Multiple data firms are finding smartphone sales have declined to the second half of 2019, but signs point to this trend reversing in 2020.
Global research and advisory firm Gartner has predicted Smartphones sales in Australia will decline with 8.7 million smartphone sales predicted by the end of 2019, compared to the 9.5 million sales in 2018.
Meanwhile, worldwide smartphone sales will decline by 2.5 per cent globally in 2019, year on year, to 1.5 billion units.
According to Annette Zimmermann, research vice president at Gartner, longer smartphone replacement cycles and the ban on Huawei accessing technology from US suppliers were to blame for the weakening demand during the first half of 2019.
“We expect demand to get even weaker in the second half as replacement of high-, low- and mid-end smartphones continues to slow, due to low value benefits,” said Zimmermann.
Global research firm IDC has also noted a decline, recording a drop of 2.3 per cent in worldwide smartphone shipments in the second quarter of 2019, according to its Worldwide Quarterly Mobile Phone Tracker.
According to data from Gartner, the sales decline is expected to impact China’s Huawei in particular, even with the US administration looking to partially reverse the ban on the Chinese smartphone manufacturer.
“The ban on Huawei (even though currently partially lifted) has created negativity around the Huawei brand and is likely to open a few opportunities for other manufacturers in overseas markets such as Western Europe,” Zimmermann said.
“The latter part of the second quarter of 2019 was certainly challenging for Huawei in EMEA and Latin America.
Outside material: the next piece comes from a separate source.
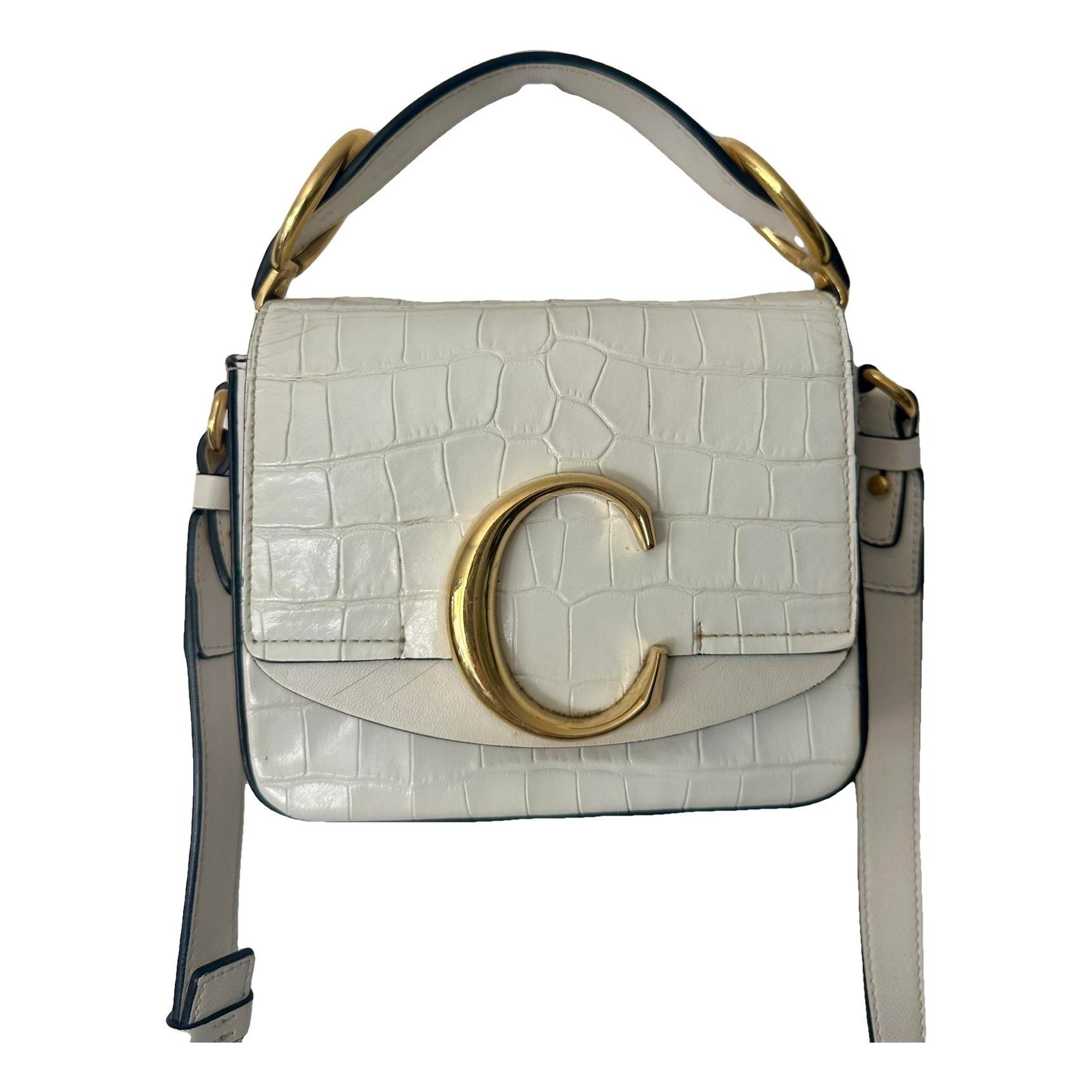 C leather crossbody bag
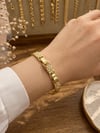 14K ALTIN KAPLAMA PETEK MODEL BİLEKLİK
However, its leading position in its home market remained unchanged.”
Regardless of the uncertainty around Huawei, Ryan Reith, program vice president with IDC's Worldwide Mobile Device Trackers, said the Chinese smartphone manufacturer managed to hold onto second place for market share.
"When you look at the top of the market – Samsung, Huawei, and Apple – each vendor lost a bit of share from last quarter, and when you look down the list the next three – Xiaomi, OPPO, and vivo – all gained,” Reith said.
“Part of this is related to the timing of product launches, but it is hard not to assume this trend could continue.”
Looking forward, IDC data showed smartphone demand is rising due to mid-tier designs, Anthony Scarsella, research manager with IDC’s Worldwide Quarterly Mobile Phone Tracker, explained.
"A key driver in the second quarter was the availability of vastly improved mid-tier devices that offer premium designs and features while significantly undercutting the ultra-high-end in price,” Scarsella said.
“Combine this with intensified and generous trade-in programs across major markets and channels and upgrading now makes more sense to consumers."
Gartner data indicated that sales will increase in the second half of 2020 due to the rise of 5G connections and 5G-enabled devices.
In Australia, this is expected to translate to nine million smartphones sold by the end of 2020.
“Although leading mobile manufacturers have started positioning their first 5G smartphones (such as the LG V50 ThinQ, OPPO Reno 5G, Samsung Galaxy S10 5G and Xiaomi Mi MIX 3 5G), and CSPs have started to offer some aggressively priced 5G service packages, 5G smartphone sales are set to remain small in 2019,” Zimmermann said.
However, these 5G devices are not expected to dominate the market rapidly, as Gartner data revealed 15 million 5G-enabled smartphones will sell by the end of 2019, representing less than one per cent of all sales in that year.
Further data from IDC revealed Samsung was ranked first for smartphone market share at 22 per cent, with Huawei in second place at 17.6 per cent, then Apple at 10.1 per cent, Xiaomi at 9.7 per cent and OPPO at 8.9 per cent.